От самой низшей до самой высокой ступени католической иерархии должности не передаются по наследству, что является принципом всех современных демократий. Безбрачие священников не имеет никакого значения с точки зрения догматики, и доказать это можно хотя бы тем, что в христианстве восточного обряда, не разорвавшем свои связи с римской церковью, это правило не соблюдается; однако с политической точки зрения, целибат играл вплоть до наших дней главную роль в сохранении самого духа католицизма. Ни к чему другому мы так не требовательны, как к духовенству. Им позволялось иметь наложниц, и эта льгота нисколько не задевала их достоинства, поскольку даже те священники, которые не пользовались их услугами, все же выплачивали специальный налог.
Когда в феодальное право вводилась передача всех гражданских прав по наследству, католицизм оказался в большой опасности, поскольку священники стремились подражать герцогам, графам и виконтам.
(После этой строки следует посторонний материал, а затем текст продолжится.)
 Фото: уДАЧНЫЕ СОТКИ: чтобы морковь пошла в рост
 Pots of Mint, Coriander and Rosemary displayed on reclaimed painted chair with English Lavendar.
Если бы бракосочетание было разрешено священникам, то западная церковь превратилась бы в феодальную теократию с властью папы, передаваемой по наследству, что означало бы конец демократии. Монах Гильдебранд — это папа Григорий VII, который первым наступил ногой на голову ястреба и настоял на церковном безбрачии. Сегодня любое гражданское общество не позволяет передавать свои важнейшие посты по наследству, и поэтому нет весомых оснований сохранять институт церковного безбрачия; но во времена Рабле еще не пришла пора от него отказаться. Этот институт был весьма необходим для католической демократии. Без него дары церкви были бы недоступны народу, а ее имущество было бы конфисковано в пользу аристократии, как это и произошло в Германии и в Англии.